Non Euclidian Geometry

Poincaré model (Perpendiculars and inversion of circles)

To solve the exercise it is necessary to use definitions, theorems and lemmas in addition to the inversion properties of circles. Draw each of the exercises in Geogebra and then solve:

Given the following theorems:

Theorem 1: Given a circle C with center at O ​​, let A, B, P, Q be four distinct points of C and denote by A´, B´, P´, Q their inverse points in C respectively. So (AB,PQ) = (A'B',P'Q') .

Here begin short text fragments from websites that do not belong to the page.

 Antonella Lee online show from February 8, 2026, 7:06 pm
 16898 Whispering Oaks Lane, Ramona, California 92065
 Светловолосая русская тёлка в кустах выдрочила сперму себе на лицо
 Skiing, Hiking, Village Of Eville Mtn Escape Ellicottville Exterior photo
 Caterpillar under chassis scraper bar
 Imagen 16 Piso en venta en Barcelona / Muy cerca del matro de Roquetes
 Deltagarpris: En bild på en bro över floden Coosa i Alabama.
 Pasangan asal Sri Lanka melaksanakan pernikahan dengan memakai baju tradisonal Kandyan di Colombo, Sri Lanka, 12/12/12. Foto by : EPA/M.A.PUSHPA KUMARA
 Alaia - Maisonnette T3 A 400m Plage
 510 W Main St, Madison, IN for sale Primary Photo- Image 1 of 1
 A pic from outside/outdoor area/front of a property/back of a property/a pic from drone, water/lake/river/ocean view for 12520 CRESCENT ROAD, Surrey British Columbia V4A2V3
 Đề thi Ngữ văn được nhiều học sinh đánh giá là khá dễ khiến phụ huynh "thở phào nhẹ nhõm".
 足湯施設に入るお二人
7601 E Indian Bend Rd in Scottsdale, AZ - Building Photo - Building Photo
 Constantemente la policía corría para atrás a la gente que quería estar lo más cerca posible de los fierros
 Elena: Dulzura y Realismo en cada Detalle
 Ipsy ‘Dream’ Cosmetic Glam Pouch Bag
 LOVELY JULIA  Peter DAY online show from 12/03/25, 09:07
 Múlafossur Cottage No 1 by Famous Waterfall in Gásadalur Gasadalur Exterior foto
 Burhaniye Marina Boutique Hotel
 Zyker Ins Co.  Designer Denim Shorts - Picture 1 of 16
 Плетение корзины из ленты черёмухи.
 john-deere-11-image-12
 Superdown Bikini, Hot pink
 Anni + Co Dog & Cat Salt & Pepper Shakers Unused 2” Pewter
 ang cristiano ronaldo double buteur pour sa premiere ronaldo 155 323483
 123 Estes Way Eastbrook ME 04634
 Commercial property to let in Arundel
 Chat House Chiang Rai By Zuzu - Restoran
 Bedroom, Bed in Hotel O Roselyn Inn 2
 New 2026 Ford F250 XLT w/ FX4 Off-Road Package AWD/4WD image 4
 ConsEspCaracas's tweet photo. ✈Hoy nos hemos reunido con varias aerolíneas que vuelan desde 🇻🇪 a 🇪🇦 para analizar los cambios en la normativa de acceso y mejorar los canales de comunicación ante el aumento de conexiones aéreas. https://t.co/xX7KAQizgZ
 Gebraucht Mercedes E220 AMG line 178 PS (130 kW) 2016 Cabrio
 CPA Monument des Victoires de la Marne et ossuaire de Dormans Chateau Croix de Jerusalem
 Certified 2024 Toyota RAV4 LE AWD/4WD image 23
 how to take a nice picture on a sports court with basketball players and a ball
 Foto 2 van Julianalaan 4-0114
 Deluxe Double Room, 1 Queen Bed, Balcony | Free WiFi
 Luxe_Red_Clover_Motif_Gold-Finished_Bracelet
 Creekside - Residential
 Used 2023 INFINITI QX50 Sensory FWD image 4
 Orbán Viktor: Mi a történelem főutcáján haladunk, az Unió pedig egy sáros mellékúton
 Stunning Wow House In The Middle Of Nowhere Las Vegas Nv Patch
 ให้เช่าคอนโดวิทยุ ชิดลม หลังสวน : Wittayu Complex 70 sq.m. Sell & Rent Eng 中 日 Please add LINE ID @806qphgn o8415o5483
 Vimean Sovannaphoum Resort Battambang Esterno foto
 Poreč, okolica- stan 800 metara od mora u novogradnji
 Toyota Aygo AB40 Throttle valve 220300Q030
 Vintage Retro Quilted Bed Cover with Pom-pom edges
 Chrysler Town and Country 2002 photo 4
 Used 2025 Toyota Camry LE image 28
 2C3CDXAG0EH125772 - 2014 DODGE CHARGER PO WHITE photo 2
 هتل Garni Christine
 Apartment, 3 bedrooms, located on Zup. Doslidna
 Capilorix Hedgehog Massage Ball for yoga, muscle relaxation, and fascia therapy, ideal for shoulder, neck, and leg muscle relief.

Theorem 2: Let C be a circle with center at O ​​and radius r and D a circle with center at C and radius s. Suppose that O is exterior to D, that p is the power of O with respect to D, and that k=r^2/p. Then D is transformed under the inversion of the circle C into the circle D' of radius 'ks' with center in the image C* of C under the dilation of O with radius k. Also, if P is any point at D and P´ its inverse with respect to D, then the tangent line t´ to D' at P´ is the reflection through the bisector of the segment PP´ of the line tangent D to P .

Let L be a Poincaré line that is not a diameter of C, then L is an arc of a circle D orthogonal to C. Using Theorems 1 and 2 show that the reflections through L are represented in the Poincaré model by inversions with respect to D

 

Please be as clear as possible. Show and explain all the steps.Thank you a lot.